Collected data
————————

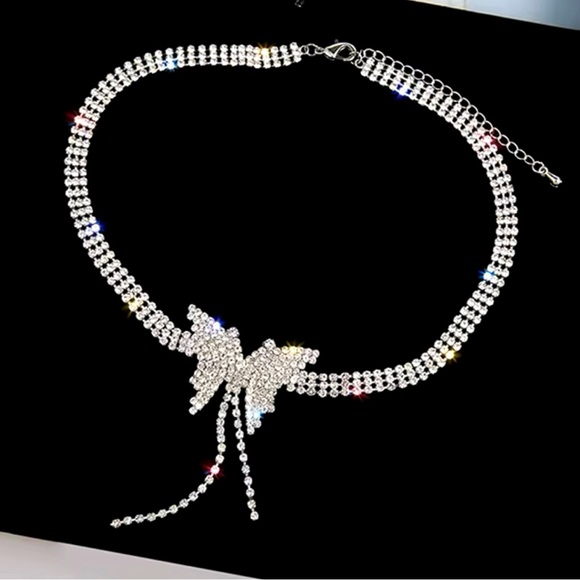 Butterfly Rhinestone Bling Choker Necklace & Earring Set - Picture 2 of 5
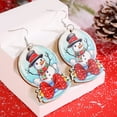 thumbnail image 1 of Christmas Wooden Printed Drop Earrings for Unique Holiday Style, 1 of 5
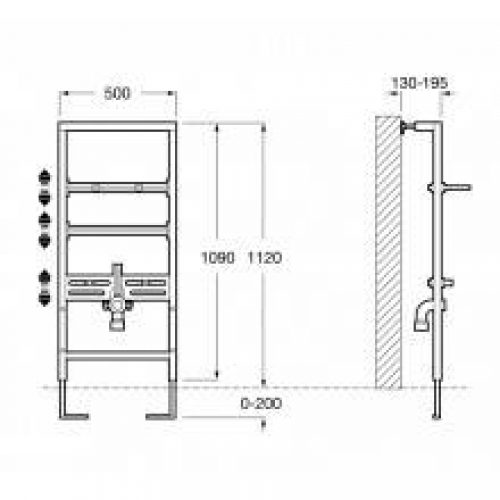 Bâti-support Duplo Lavabo Roca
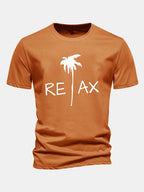 Regular Fit Relax Palm Tree Print Cotton T-Shirt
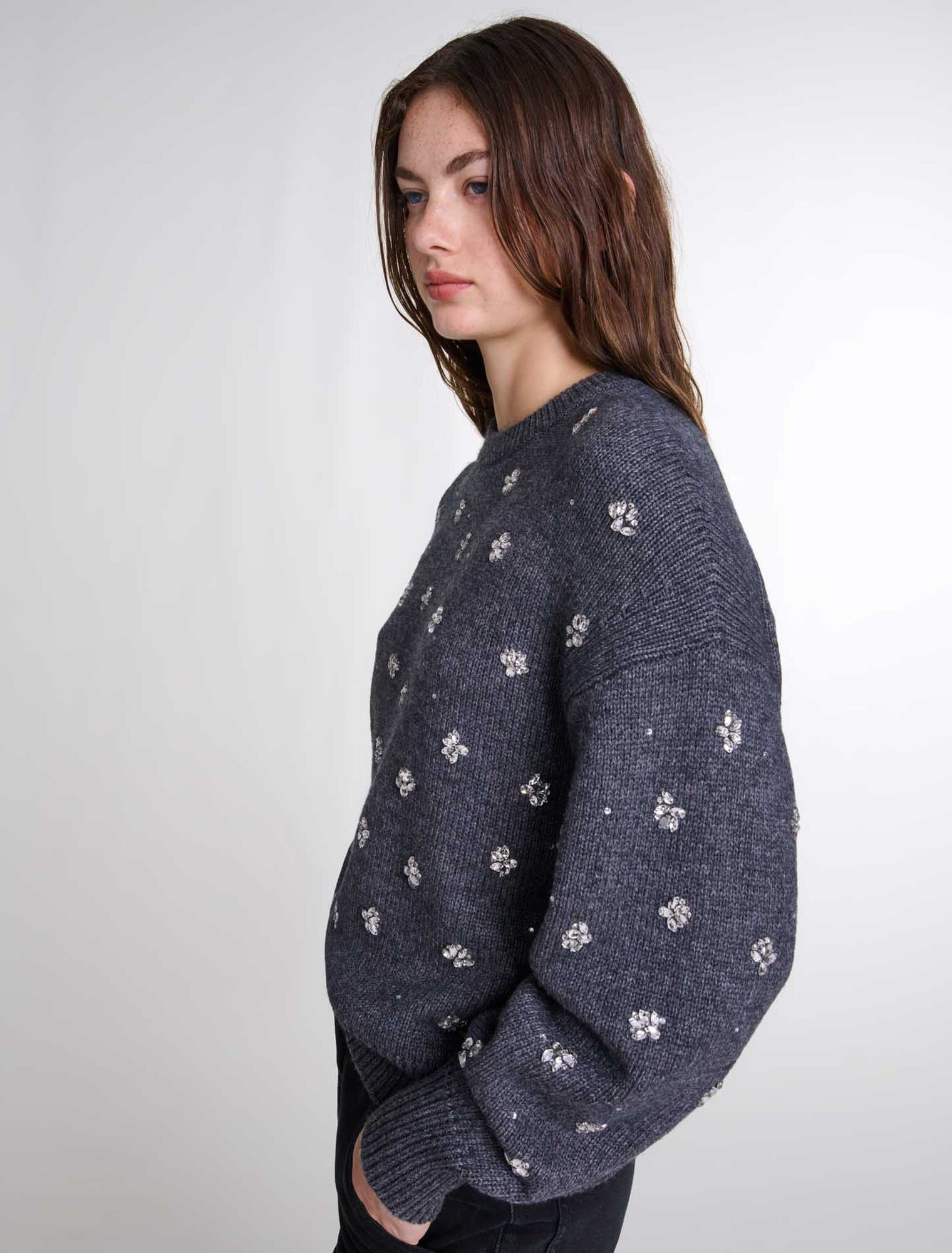 Strickpullover mit Strass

————————

In the copy, leave out all pictures, and retype exactly each line from the one with "thumbnail image 1" through the last line of the entries.

Reply:
 thumbnail image 1 of Christmas Wooden Printed Drop Earrings for Unique Holiday Style, 1 of 5
 Bâti-support Duplo Lavabo Roca
 Regular Fit Relax Palm Tree Print Cotton T-Shirt
 Strickpullover mit Strass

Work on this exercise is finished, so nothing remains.